- Dataset entries
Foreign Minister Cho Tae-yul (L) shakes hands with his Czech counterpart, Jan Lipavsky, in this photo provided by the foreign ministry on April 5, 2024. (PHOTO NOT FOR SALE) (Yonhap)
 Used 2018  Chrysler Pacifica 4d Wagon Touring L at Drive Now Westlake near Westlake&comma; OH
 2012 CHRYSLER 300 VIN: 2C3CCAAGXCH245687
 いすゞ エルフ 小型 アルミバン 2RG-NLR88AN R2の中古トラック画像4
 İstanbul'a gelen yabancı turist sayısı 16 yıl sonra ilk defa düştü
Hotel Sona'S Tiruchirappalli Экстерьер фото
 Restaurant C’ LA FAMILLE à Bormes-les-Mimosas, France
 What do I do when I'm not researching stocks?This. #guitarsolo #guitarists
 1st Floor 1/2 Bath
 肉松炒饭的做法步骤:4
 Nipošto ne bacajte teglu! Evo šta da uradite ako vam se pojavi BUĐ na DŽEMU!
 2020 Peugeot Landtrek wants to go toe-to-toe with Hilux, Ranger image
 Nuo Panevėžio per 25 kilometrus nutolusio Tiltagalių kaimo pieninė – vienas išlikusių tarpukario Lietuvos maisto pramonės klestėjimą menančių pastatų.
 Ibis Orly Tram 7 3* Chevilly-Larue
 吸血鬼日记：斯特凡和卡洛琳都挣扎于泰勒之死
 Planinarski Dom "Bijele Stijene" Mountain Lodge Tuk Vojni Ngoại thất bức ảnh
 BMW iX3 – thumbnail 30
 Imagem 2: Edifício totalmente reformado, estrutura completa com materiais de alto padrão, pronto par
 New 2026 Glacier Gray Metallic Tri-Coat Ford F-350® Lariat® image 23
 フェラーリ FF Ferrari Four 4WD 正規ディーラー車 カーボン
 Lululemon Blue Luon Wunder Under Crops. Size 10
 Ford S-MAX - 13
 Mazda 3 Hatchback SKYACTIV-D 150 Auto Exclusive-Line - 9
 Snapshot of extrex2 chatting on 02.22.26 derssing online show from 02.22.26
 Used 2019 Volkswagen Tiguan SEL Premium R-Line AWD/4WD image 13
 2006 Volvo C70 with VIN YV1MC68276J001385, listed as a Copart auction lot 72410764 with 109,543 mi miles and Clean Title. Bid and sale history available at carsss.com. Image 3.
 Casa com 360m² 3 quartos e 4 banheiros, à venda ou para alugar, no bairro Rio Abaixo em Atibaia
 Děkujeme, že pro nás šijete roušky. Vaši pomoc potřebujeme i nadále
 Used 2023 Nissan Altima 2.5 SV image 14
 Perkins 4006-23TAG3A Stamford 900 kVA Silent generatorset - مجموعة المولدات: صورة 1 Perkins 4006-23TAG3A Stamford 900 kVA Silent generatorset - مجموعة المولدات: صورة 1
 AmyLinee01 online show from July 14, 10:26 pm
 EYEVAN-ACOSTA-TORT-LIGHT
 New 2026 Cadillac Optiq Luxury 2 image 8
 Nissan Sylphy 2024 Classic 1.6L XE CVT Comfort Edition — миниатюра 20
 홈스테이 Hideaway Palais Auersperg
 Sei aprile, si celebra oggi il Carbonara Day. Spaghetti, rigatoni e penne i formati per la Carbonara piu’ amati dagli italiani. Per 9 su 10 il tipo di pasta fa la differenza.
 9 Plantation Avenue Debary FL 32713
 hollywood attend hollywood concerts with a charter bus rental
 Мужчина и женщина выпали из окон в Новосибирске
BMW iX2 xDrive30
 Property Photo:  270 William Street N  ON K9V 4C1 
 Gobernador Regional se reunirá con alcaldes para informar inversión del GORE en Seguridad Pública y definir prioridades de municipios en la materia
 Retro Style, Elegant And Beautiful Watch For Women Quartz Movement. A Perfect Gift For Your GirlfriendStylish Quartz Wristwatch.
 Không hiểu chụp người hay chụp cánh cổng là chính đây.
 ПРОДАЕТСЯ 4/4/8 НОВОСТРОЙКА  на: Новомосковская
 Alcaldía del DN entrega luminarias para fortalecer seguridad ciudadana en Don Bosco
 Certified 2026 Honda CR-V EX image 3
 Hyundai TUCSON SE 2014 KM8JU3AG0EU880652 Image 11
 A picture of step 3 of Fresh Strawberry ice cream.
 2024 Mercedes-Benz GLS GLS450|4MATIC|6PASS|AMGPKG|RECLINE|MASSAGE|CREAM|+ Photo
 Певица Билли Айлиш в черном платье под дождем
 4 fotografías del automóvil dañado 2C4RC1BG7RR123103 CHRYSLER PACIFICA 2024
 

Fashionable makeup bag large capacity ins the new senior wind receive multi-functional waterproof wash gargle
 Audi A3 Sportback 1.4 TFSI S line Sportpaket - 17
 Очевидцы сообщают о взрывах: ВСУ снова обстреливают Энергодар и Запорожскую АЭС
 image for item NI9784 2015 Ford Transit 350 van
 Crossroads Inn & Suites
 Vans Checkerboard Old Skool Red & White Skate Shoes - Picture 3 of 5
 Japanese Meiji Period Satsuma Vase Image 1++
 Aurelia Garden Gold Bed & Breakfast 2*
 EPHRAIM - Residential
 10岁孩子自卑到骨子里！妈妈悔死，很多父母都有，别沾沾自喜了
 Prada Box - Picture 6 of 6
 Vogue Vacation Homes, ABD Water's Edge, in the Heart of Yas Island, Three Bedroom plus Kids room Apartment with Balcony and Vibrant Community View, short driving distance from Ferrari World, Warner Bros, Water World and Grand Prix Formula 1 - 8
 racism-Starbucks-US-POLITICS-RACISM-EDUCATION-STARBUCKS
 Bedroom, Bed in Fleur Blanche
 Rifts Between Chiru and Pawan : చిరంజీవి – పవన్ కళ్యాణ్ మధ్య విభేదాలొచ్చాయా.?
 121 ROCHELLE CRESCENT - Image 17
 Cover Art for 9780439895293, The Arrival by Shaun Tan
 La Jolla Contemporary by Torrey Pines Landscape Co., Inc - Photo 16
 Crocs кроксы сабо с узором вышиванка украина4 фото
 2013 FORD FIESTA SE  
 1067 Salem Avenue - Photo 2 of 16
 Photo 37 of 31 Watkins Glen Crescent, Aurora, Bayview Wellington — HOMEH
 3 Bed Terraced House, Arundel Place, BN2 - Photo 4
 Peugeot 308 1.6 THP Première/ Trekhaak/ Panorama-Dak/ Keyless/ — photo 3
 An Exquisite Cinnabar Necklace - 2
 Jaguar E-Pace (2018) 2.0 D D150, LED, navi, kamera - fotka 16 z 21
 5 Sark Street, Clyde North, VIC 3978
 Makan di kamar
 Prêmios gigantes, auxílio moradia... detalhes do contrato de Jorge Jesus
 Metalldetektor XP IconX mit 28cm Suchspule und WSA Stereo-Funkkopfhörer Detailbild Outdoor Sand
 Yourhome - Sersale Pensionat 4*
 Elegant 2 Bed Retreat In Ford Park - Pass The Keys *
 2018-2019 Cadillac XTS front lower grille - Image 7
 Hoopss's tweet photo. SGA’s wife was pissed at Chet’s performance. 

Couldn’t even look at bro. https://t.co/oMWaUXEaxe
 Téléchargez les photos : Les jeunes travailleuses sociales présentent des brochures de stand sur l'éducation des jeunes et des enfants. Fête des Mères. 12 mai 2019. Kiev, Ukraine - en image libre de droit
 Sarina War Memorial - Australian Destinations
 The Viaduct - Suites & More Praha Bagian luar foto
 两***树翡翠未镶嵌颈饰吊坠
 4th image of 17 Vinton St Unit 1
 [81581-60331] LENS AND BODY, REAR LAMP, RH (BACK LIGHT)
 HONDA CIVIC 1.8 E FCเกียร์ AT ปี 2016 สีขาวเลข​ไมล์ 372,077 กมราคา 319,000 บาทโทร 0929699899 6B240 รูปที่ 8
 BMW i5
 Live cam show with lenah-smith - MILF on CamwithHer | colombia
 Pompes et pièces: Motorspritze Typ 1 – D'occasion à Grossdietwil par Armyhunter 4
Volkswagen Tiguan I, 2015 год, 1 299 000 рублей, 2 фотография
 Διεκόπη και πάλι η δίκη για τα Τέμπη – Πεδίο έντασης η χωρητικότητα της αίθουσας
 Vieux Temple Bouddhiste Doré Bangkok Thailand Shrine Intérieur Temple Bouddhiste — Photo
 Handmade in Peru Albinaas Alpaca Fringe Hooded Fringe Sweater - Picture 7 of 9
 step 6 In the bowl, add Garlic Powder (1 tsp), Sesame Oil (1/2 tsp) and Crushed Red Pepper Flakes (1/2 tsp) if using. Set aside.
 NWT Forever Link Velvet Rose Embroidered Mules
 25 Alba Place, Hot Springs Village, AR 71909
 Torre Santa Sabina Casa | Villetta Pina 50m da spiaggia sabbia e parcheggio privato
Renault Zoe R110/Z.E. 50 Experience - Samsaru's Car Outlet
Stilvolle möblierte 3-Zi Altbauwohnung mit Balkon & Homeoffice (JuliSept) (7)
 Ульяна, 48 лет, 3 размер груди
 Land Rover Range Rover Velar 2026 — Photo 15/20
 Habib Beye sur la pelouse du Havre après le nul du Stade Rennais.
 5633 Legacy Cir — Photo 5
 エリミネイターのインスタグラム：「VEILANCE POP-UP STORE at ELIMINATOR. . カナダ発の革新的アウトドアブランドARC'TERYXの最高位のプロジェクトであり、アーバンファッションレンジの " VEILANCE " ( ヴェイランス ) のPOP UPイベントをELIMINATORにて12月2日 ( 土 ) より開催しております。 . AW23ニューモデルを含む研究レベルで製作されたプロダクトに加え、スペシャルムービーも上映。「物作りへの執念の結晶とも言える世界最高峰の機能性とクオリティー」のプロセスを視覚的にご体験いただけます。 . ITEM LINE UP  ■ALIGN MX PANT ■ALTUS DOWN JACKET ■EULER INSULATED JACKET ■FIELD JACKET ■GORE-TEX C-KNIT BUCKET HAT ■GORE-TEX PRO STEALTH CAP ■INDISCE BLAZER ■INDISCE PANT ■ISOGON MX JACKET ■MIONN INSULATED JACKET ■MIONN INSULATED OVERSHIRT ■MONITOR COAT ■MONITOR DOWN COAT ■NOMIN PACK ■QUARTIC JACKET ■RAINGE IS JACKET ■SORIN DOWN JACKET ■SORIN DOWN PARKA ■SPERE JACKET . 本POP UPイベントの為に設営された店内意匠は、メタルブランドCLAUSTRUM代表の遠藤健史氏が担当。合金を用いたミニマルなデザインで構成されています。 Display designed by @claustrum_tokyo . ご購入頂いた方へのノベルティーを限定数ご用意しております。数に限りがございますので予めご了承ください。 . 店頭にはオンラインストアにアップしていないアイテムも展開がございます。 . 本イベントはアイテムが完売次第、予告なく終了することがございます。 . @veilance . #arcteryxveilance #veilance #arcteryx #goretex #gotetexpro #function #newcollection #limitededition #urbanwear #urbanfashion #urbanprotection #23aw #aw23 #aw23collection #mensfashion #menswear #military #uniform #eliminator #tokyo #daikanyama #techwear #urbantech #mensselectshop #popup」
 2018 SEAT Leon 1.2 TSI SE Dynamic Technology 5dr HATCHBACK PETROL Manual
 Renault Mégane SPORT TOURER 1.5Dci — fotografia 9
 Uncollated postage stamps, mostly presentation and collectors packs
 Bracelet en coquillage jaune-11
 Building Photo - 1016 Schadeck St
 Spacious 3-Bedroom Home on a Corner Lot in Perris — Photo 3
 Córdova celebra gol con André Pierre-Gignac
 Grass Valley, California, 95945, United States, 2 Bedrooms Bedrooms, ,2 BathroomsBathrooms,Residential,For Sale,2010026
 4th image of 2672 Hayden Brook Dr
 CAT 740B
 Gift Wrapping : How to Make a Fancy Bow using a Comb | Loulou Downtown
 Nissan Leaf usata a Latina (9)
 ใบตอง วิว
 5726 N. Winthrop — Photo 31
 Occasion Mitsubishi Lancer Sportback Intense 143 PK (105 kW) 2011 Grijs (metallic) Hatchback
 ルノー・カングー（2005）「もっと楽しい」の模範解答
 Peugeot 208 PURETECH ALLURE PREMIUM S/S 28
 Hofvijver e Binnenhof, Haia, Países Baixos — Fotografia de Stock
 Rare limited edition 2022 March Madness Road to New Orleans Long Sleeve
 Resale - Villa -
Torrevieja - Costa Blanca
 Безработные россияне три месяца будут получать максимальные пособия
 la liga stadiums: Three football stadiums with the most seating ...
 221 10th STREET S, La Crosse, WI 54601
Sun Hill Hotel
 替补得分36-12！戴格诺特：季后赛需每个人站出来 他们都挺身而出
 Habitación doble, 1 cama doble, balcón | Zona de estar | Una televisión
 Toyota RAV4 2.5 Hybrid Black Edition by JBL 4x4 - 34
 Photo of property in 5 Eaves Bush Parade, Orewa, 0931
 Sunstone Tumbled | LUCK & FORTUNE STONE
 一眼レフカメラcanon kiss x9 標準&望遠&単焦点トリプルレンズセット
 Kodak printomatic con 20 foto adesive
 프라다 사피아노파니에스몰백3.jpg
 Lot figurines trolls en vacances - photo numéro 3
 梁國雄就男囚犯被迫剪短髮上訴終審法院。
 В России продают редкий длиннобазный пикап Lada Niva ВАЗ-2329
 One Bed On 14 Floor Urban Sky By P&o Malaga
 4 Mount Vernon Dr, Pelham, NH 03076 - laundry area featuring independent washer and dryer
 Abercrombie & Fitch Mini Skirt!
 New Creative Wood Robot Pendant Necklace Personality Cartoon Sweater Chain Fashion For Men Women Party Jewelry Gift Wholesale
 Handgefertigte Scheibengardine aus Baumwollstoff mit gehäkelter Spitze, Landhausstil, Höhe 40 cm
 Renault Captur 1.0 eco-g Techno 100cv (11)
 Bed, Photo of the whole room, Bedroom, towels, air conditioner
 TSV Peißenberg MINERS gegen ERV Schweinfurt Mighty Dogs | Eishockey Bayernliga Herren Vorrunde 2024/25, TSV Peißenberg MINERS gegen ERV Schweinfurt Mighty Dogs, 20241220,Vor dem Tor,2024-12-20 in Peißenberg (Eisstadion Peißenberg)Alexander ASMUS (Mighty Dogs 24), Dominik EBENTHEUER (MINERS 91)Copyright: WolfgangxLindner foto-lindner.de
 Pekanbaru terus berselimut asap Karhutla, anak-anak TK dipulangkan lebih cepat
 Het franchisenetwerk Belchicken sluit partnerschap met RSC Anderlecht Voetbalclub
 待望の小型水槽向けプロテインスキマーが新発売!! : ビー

- WORK ORDER
Show the lines of the data that hold the word "Renault".

- ANSWER TO THIS EXERCISE
Renault Zoe R110/Z.E. 50 Experience - Samsaru's Car Outlet
 Renault Mégane SPORT TOURER 1.5Dci — fotografia 9
 Renault Captur 1.0 eco-g Techno 100cv (11)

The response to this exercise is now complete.